*** Begin section ***
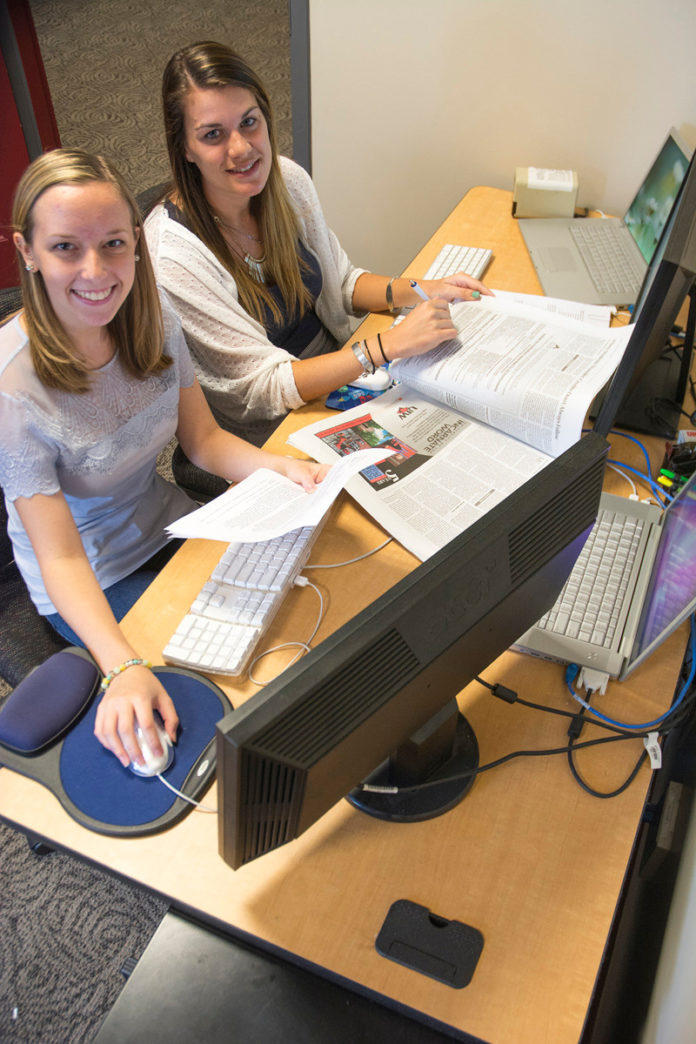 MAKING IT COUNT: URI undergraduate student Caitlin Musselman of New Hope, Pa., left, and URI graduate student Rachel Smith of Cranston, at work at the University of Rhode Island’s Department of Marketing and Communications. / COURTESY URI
*** End section ***
*** Begin section ***
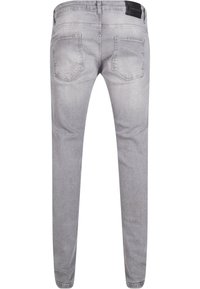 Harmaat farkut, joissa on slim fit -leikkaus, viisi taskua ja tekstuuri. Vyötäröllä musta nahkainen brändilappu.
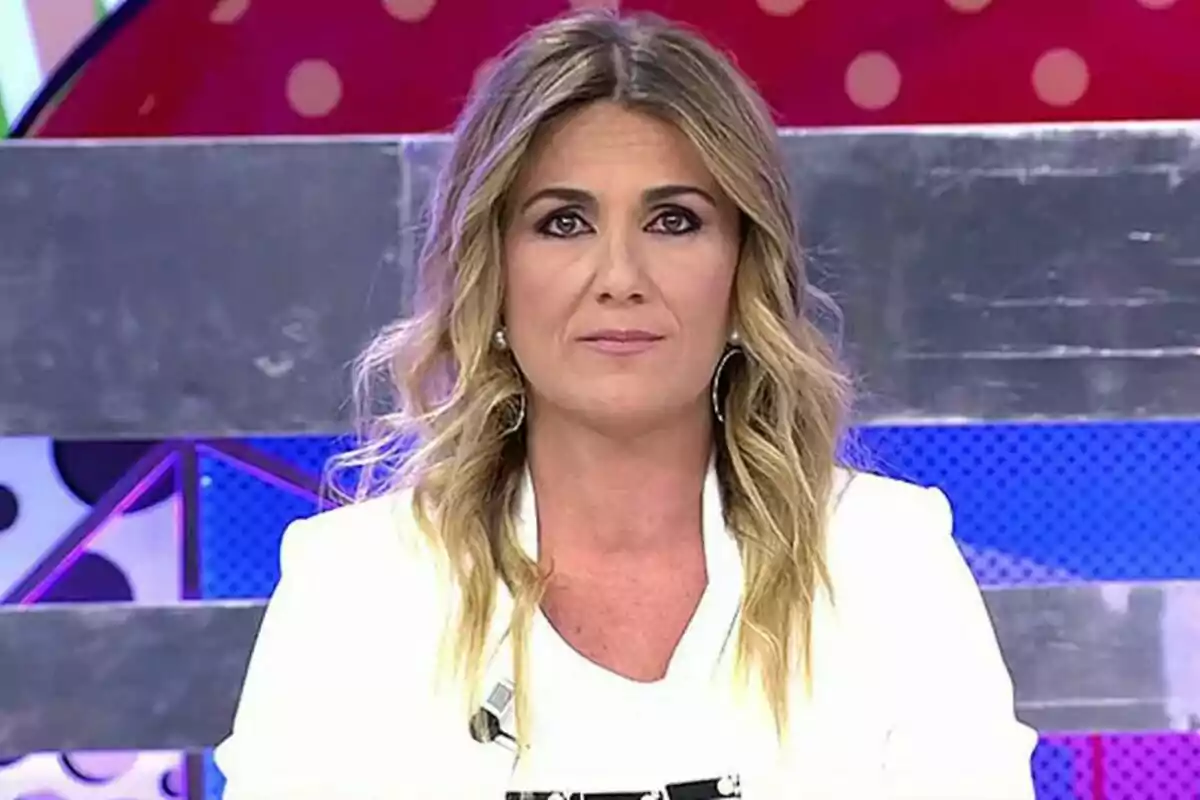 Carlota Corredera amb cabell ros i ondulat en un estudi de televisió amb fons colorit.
*** End section ***
*** Begin section ***
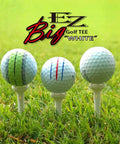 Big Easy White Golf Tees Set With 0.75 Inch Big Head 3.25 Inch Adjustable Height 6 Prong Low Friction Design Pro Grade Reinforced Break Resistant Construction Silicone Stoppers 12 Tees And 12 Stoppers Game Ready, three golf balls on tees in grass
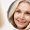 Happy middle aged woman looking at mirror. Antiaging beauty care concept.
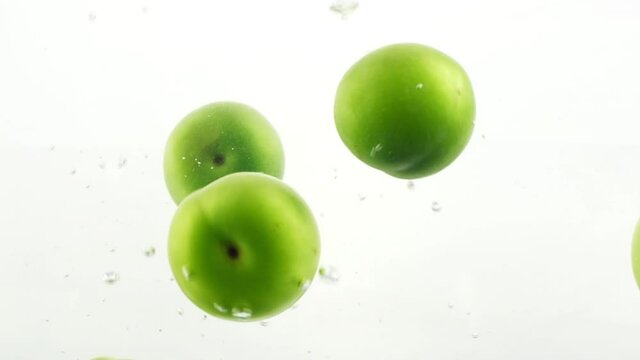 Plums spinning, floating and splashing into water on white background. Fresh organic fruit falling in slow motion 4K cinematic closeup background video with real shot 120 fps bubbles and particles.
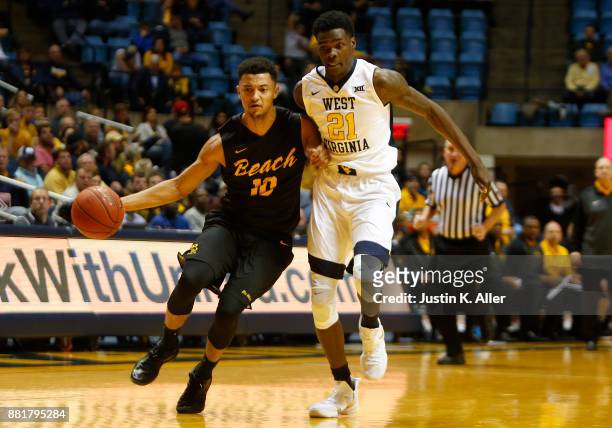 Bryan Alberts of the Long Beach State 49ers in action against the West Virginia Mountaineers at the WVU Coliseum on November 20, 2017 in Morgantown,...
*** End section ***
:: WORK REQUIRED ::
Output should consist of the lines above from the one with "Harmaat farkut, joissa" down to the one with "Carlota Corredera amb", exact and without pictures.

:: SOLUTION TO THE EXERCISE ::
 Harmaat farkut, joissa on slim fit -leikkaus, viisi taskua ja tekstuuri. Vyötäröllä musta nahkainen brändilappu.
 Carlota Corredera amb cabell ros i ondulat en un estudi de televisió amb fons colorit.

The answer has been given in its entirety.